Alex Tabarrok looks at a study showing the increasing churn in the U.S. economy.

The topple rate is a measure of how the rank of large firms on return of assets changes over time. The topple rate has increased by about 60% over the past forty years (ignoring the recent blip up). What this means is that the firms on top are less likely to stay on top today than in the past – the recent blip up indicates the upheaval in firm rankings during the current recession.

That topple rate would have been a good indicator for Nick Schulz and me to use in one of the chapters in our new book (The cover design will be different from what is currently depicted on Amazon). I am proofreading a pdf file now, and I am really happy with it. I strongly recommend reading it when it comes out. There are flaws, for sure, but on many levels the book really works.From our introduction:

This book presents the main ideas of what we call Economics 2.0. Economists have developed these ideas in order to explain the enormous differences in quality of life over history and across countries.

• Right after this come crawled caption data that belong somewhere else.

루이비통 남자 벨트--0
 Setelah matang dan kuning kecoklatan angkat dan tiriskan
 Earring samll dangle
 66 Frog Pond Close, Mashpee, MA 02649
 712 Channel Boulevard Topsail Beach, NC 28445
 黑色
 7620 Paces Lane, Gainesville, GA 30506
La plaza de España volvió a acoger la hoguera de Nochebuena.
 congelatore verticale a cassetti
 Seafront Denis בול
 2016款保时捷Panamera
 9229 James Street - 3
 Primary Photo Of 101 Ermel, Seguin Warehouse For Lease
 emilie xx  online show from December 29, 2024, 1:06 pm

Economics 2.0 says that these differences reflect intangible assets and invisible liabilities. The intangible assets are knowledge bases. This category includes formal scientific findings, such as the quantum mechanics and chemistry that help engineers design integrated circuits. It also includes less formal learning from experience, such as the know-how that enables general contractors to put up housing developments on schedule and within budget.

Invisible liabilities, on the other hand, are institutional and cultural impediments to innovation and productivity. These range from the structure and conduct of government to the attitudes and customs of ordinary citizens.